1. All’inizio di maggio del 1965, Károly Kerényi appone a una copia del suo ultimo articolo, “Nietzsche zwischen Literatur- und Religionsgeschichte” (“Nietzsche fra storia della letteratura e storia della religione”) la dedica singolare: “A Furio Jesi, per distoglierlo dal progetto ciclopico non realizzabile con giustizia [Gerechtigkeit]”1.

Il giovane studioso torinese con cui era in contatto epistolare da ormai un anno, ma che lo considerava il proprio maestro “sin dall’adolescenza”2, gli aveva appena inviato insieme a una breve lettera di presentazione il primo paragrafo di un libro che intendeva “intitolare Germania segreta” e che era “destinato a studiare le sopravvivenze di talune immagini mitiche nella cultura tedesca del XIX e del XX secolo”3. Le quattro cartelle dattiloscritte costituivano una “sorta di iniziale ‘dichiarazione programmatica’” che sarà poi stralciata dalla stesura definitiva, ma che conteneva alcuni concetti destinati a ricomparirvi, ripensati, o anche del tutto stravolti, in una nuova e ben diversa composizione.

Gli avvenimenti degli ultimi cinquant’anni [scriveva allora Jesi] hanno sottolineato con drammatica evidenza la necessità di prendere posizione nettamente dinanzi a ciò che si definisce germanesimo, e la scelta che cosí si propone a tutti gli uomini coscienti è innanzitutto una scelta morale […]. Ma proprio la Seconda Guerra Mondiale, con l’eccesso dei suoi orrori […] ci ha dolorosamente insegnato ad andar piú cauti. Quando le colpe si fanno cosí grandi ed il mondo è cosí ampiamente e profondamente sconvolto, anche i criteri morali sono piú difficili da applicare con rigore4.

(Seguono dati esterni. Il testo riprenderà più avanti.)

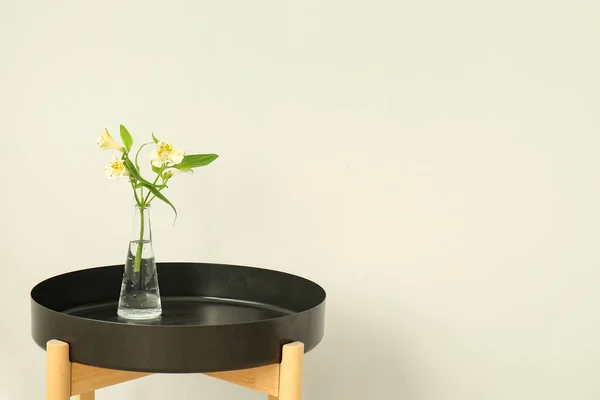 光の壁の近くのテーブルの上にアルストロメリアの花の枝を持つ花瓶 — ストック写真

Dopo aver ricordato che “una delle ultime grandi liriche di Stefan George è intitolata Geheimes Deutschland, ‘Germania segreta’”, che la stessa espressione torna “nel discorso ‘Hölderlin und die Deutschen’ di Norbert von Hellingrath” a designare “quell’anima tedesca, celata e travisata, cui Hölderlin volle attribuire la missione d’una rinascenza della grandezza della civiltà classica”, e infine che le ultime parole dell’attentatore di Hitler, Claus von Stauffenberg, furono appunto “Es lebe das geheime Deutschland”, Jesi precisava che se tali ricorrenze nutrissero

la conclusione e non l’inizio del nostro discorso saremmo forse accusati di simpatie o almeno di illusioni nei confronti d’un substrato germanico che può facilmente confondersi con il germanesimo dei seguaci di Hitler. Germania segreta è per noi il simbolo di ciò che in Faust resta umano anche dopo il patto con Mefistofele; di quegli abissi della psiche umana in cui dio di amore e demone del male sono nomi senza significato, vuoti e arbitrari termini di un linguaggio non appropriato. Il mistero che il nostro “modello” della psiche umana colloca di là dalla coscienza simboleggia una perenne riserva di realtà e di immagini dalle quali l’uomo può essere sopraffatto. Tale sopraffazione non è suscettibile di limitazioni da parte della volontà cosciente, e dunque di per se stessa si colloca al di fuori di una morale della responsabilità. Responsabile è unicamente il comportamento di chi, dinanzi all’affiorare delle immagini dell’inconscio, le accoglie lietamente, senza sofferenza e incertezze, quali determinanti delle sue azioni, o addirittura quali oggetti di devozione.

Ma una morale fondata sulla responsabilità non è la sola concepibile. Se ciò che affiora dall’inconscio con il suo predominio conduce a idolatrare la morte, è giusto che la comunità degli uomini condanni chi ne subisce involontariamente il possesso. Ciò che egli fa è male: non male metafisico, ma danno per i suoi simili, attentato alla loro sopravvivenza.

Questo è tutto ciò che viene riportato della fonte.